そして、小早川は授業で「ミスコン」の反対運動を
推進する学生・高樹晶と出会う。
小早川と話がしたいと言った高樹は、2度ほど
研究室を訪ねてきた。ところがその直後、
高樹は何者かに襲われ、病院へと運ばれた。
それまで一緒にいた小早川は、傷害容疑で
警察へ任意同行させられる。

元警察官でも、容疑がかかれば警察は態度を
一変させる。

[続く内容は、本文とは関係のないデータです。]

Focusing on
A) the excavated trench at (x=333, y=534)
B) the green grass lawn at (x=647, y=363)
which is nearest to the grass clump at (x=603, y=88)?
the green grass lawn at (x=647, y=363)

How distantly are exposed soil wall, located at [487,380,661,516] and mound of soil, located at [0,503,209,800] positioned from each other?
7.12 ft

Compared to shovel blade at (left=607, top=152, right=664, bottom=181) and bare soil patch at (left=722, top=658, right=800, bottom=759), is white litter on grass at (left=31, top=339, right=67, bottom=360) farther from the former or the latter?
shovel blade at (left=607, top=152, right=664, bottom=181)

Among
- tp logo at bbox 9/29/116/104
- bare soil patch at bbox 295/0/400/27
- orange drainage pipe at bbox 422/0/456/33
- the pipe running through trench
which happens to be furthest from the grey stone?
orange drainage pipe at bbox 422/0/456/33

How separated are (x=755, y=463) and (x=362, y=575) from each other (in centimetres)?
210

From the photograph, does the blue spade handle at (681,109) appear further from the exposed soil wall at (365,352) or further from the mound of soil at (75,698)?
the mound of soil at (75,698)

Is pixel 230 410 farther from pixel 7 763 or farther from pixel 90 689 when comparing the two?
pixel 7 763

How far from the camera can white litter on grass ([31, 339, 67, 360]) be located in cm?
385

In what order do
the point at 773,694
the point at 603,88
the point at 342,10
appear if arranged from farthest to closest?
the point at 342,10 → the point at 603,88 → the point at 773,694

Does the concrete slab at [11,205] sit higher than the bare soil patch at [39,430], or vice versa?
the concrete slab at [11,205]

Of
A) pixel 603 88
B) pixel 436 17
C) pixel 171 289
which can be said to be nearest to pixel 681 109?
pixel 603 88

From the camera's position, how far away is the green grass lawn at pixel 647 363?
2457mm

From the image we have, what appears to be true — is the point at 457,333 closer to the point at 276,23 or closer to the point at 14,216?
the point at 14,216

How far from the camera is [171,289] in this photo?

小早川は現役時代、自分自身も
取り調べの時は、時に厳しい手段で容疑者に
自白を迫ったこともあった。
まさか、自分がそのような眼にあうとは!
しかも、自分には全く身に覚えがないのだ。

そして、その時、一般人が警察に容疑をかけられ
同行させられる恐ろしさを知る。

警察は正義の名のもとに、状況証拠だけで一方的に
責めたてる。
身に覚えのない事で、いくら「やっていない」
と言っても、その言葉は無視される。
何を言っても信じてもらえない状況、
その恐ろしさは尋常ではない。
一般人ならば、その厳しさに耐えきれず、
思わず自分がやったと言ってしまうだろう・・・。
そして、冤罪はこうして生れるのだ。

「冤罪」。小早川は身をもってそれを女子学生たちに
教えることになった。
そして、ゼミの女子学生たちは、疑われ続ける
小早川を信じ協力して事件の真相に迫ってゆく。

「警察の横暴」と「冤罪」が生まれる恐ろしさが
実にリアルに描かれていて、衝撃を受けた。
「冤罪」というテーマも重く、今の日本の司法の
あり方が問われる作品だと思った。

『エムエス 継続捜査ゼミ2』
著者:今野敏
出版社:講談社
価格:¥1,600(税別)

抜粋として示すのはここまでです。